Yeah, I do this with data all day.

Tuesday, August 25, 2015

Frosh First Names

Every academic year I ask UGA for the first names of the latest freshman class. There's a lot you can do with these data, but let's keep it simple and ask what's the most popular first name, and has that changed over time?

First, the Top 10 of Fall 2015:

1. (tie) Emily and John
3. Hannah
4. William
5. (tie) Anna and Caroline
7. Sarah
8. Mary
9. Madison
10. Matthew

Keep in mind these ranks represent small actual numbers. Of the 5,035 first names provided to me, 61 students are named either Emily or John. Third place, Hannah, has 56 students sharing that name. Here are a few interesting factoids:

  • I've asked for these data since 2008 and never has a male name done better than second place (also John, back in 2011).
  • Since 2008, either Sarah or Emily have held first place. 
  • Sarah fell this year, but it also fell in 2010. We're talking small numbers here, so there's some random walk involved in the data.
  • Madison has never made the Top 10. In 2014 it was in 15th place. In 2008, it was tied for ... wait for it ... 235th place? Wow.
Below is a quick-and-dirty image that shows the Top 10 across years.

I highlighted Emily, Sarah, and John to show how much they've dominated over the years. When I have more time, I can crank the data some more. For example, it's fun to compare what proportion of unique names (one person only with it) we see over time. My hypothesis has always been that as UGA improves in diversity, we should see more one-name-only students, but so far the data has not supported that hypothesis. Damn those data.

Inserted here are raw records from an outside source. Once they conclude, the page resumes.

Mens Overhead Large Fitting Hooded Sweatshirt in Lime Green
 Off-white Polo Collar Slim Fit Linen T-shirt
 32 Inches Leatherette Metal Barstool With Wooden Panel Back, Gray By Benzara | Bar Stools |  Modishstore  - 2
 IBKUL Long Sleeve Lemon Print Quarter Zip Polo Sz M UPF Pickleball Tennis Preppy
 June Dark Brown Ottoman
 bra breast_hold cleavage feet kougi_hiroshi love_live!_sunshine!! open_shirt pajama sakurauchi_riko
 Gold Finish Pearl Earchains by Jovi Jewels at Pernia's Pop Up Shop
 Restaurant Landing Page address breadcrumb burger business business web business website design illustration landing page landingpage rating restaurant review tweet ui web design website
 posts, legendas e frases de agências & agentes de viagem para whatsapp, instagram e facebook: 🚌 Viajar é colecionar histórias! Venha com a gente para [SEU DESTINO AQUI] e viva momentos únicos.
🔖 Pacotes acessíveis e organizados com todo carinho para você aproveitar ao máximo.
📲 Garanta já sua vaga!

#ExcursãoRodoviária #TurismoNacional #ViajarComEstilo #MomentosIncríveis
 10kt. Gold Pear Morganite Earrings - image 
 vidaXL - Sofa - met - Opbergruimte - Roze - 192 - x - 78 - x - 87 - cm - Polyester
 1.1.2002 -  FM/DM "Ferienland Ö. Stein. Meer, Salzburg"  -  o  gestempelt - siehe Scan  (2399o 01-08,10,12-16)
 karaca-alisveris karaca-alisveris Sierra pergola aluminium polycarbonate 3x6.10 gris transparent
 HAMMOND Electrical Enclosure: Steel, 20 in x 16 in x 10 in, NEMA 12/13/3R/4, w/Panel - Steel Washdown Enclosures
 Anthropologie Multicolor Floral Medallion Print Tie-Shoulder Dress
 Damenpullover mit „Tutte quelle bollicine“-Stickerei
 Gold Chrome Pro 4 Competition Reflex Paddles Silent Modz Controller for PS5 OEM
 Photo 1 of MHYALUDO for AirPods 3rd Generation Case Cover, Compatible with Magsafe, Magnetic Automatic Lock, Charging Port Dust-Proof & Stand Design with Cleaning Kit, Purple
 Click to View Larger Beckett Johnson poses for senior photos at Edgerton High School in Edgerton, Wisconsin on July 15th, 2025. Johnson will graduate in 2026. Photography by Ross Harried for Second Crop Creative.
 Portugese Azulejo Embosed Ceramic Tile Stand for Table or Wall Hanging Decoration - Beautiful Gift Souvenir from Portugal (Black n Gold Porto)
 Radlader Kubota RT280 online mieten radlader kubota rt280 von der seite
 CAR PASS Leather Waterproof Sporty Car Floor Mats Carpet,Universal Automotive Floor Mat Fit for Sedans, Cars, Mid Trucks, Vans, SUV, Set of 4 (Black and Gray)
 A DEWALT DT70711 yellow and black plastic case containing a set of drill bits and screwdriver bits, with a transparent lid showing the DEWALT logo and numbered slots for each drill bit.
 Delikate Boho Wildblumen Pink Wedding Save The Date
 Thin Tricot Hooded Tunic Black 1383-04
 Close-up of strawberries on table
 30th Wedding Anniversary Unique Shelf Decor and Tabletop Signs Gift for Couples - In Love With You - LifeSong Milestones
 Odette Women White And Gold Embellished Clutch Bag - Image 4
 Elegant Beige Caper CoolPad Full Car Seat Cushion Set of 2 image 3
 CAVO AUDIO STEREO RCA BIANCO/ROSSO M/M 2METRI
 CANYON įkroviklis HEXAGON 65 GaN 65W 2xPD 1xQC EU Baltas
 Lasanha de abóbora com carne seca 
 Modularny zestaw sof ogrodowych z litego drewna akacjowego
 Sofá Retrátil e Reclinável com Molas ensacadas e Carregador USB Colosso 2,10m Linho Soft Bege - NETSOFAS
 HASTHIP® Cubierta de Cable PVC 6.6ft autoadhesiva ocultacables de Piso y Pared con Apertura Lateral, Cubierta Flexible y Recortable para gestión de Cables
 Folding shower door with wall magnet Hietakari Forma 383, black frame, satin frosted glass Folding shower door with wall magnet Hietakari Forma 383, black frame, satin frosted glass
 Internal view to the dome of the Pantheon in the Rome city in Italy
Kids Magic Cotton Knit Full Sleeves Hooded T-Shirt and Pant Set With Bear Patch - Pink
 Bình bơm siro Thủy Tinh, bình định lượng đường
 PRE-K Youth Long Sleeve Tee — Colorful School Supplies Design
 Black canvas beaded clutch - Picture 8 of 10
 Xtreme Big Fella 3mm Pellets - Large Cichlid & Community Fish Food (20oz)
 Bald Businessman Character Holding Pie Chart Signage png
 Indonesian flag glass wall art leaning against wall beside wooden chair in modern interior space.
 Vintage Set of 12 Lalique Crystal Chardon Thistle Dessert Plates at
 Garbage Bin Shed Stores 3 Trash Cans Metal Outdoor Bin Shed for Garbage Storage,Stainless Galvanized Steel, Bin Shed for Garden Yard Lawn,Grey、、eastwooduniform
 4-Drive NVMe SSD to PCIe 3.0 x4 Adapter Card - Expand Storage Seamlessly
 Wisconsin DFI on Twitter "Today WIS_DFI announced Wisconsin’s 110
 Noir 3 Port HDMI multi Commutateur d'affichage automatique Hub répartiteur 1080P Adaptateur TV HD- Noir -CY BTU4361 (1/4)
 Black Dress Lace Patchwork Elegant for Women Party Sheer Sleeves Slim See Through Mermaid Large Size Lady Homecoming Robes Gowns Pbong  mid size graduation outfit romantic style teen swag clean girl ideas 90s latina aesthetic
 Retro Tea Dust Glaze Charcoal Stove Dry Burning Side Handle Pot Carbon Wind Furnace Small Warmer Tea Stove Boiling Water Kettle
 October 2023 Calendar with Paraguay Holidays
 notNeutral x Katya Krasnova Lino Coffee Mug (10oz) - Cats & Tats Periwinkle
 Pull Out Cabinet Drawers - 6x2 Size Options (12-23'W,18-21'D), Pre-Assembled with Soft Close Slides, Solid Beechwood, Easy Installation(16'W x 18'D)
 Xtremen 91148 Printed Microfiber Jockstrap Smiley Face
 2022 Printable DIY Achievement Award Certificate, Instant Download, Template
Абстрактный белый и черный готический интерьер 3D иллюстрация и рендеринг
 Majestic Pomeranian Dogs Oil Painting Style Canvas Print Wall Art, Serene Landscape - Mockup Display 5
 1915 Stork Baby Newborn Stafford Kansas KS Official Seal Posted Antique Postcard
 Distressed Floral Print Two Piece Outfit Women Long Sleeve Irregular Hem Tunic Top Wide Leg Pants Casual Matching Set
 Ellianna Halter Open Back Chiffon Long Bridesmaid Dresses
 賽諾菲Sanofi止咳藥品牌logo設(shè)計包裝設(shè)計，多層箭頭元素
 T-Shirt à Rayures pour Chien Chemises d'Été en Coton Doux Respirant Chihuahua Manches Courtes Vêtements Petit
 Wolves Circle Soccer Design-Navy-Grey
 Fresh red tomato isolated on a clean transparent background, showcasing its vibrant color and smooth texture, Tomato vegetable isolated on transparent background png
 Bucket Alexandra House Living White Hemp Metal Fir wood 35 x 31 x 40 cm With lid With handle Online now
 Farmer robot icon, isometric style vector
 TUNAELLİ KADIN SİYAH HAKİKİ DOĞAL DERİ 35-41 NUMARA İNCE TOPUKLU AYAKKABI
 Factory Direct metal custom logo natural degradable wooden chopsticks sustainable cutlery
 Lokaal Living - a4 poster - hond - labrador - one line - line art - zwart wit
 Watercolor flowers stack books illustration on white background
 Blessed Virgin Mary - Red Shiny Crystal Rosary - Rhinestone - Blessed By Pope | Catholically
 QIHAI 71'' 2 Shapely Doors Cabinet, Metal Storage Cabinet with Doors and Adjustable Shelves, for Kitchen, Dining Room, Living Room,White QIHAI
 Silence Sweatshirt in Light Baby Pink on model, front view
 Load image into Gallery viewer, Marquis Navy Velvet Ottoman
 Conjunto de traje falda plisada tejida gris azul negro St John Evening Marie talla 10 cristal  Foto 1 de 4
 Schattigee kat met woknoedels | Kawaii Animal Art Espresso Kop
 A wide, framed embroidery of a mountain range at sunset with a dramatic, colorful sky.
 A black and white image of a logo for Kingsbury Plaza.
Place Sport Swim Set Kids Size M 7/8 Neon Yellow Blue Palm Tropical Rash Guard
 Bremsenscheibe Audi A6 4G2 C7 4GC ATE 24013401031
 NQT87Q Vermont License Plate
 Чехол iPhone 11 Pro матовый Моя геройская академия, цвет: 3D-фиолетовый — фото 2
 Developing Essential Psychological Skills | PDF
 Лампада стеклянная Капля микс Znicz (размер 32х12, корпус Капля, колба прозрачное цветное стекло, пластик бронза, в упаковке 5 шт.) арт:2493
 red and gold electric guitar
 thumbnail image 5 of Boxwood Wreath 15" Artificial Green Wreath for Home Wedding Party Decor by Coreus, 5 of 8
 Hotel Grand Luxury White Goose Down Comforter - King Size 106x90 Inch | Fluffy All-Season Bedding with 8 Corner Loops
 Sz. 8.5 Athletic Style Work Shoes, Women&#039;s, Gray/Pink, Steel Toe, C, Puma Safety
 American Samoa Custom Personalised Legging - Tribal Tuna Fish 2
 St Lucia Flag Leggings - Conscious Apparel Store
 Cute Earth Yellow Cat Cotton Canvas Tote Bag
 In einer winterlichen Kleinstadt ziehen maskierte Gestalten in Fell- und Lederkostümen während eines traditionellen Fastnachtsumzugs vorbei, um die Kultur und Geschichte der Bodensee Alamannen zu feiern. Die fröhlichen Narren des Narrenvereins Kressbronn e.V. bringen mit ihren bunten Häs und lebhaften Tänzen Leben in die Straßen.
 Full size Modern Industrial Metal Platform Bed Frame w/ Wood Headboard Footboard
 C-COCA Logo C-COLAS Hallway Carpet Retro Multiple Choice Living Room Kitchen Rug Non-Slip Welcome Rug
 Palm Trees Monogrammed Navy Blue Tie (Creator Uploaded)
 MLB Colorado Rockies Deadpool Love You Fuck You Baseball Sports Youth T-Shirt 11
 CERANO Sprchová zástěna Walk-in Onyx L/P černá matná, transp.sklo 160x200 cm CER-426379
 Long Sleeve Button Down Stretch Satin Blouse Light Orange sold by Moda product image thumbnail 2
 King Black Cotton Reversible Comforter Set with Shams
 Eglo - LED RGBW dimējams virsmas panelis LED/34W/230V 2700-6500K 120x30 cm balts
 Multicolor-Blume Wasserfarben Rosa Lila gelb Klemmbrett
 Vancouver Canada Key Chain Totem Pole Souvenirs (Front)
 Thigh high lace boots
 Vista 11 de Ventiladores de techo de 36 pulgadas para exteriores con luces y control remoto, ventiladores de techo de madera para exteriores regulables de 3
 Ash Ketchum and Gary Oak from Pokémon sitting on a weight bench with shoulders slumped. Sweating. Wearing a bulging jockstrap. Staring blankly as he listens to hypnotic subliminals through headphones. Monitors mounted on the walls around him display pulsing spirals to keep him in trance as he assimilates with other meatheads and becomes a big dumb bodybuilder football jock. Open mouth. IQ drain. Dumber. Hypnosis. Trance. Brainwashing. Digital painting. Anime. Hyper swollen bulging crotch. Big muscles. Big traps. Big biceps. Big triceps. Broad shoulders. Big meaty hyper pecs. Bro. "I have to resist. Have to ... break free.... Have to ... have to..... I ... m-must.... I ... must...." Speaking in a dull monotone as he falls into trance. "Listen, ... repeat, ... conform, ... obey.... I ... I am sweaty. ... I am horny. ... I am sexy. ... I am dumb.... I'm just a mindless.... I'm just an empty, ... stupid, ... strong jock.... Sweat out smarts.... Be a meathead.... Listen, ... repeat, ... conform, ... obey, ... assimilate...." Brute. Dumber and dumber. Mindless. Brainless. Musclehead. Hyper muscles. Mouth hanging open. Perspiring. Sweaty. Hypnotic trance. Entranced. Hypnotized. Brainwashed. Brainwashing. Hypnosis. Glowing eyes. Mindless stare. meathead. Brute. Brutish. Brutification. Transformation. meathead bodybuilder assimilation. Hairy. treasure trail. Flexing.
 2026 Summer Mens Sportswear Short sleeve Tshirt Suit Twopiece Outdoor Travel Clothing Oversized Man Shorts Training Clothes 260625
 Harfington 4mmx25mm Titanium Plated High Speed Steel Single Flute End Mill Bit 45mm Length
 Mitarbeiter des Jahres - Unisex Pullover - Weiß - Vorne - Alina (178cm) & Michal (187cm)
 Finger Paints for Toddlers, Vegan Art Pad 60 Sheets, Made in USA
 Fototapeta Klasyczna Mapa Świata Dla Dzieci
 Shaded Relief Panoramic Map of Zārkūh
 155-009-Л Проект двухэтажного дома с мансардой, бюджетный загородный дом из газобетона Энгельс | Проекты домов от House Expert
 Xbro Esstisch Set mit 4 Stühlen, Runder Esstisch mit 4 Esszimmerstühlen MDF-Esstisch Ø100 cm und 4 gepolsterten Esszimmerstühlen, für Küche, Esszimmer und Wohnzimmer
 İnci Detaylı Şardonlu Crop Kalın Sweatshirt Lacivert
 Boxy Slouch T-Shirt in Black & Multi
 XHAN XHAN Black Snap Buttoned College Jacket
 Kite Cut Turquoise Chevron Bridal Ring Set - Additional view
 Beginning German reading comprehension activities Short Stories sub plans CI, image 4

Finally, I leave you with a word cloud of the 2015 freshman names because all bright visual people hate word clouds, and I'm not a visual guy -- so there.


Thursday, August 20, 2015

Survey: Exactly How Many?

I often criticize national, regional and local news media on how they handle public opinion survey stories. Today it's The Red & Black's turn.

In an otherwise fine story about how the law has changed concerning underage drinking, this shows up in the fifteenth graf of the online version:
According to an anonymous straw poll conducted  by The Red & Black with almost 150 200 underage university students, the new law will not alter student habits.*
OK. I can quibble about using an N of 150 without stating its unscientific -- which is kinda the journalistic equivalent of why bother using it in the first place. Let's set that aside for the moment. Later in the story there's this from the fifteenth graph of the print version:
According to an anonymous straw poll conducted by The Red & Black with almost 150 underage university students, the new law will not alter student habits.
Weird. Different N for different stories, but wait. This kinda makes sense. The print version no doubt went to bed far sooner than the online version, so the N of 150 for print versus an N of 200 for online kinda makes sense, if you continued to collect surveys from your "sample" (note my intentional typographic sneer of the word sample). We know, from the story, that:
Over 90 percent of the non-freshmen students surveyed said they either illegally drank before the change and plan to continue, or they did not drink before and do not have plans to start now. Roughly two-thirds of non-freshmen respondents said they planned to drink underage, while less than half of the incoming freshman respondents answered the same way.
What's bothersome to me is there are no details on how this "sample" was collected. It's a straw poll, but what the hell does that mean? Did you stand at Tate Plaza and grab people? Survey folks at your favorite watering hole? Snag people hiking up Baxter Hill? Troll the dining halls? When you report a poll, even a bad poll like this, readers deserve just a little more information on how it was done. Spend a few words if you're going to report on a poll, just like you'd spend a few words describing a source quoted in a story.

Oh, and explain the discrepancy in your online version, saying it has updated numbers.

* I screwed up earlier, repeated the 150 twice. Online has 200, print 150. What I get for a rushed blog just before class.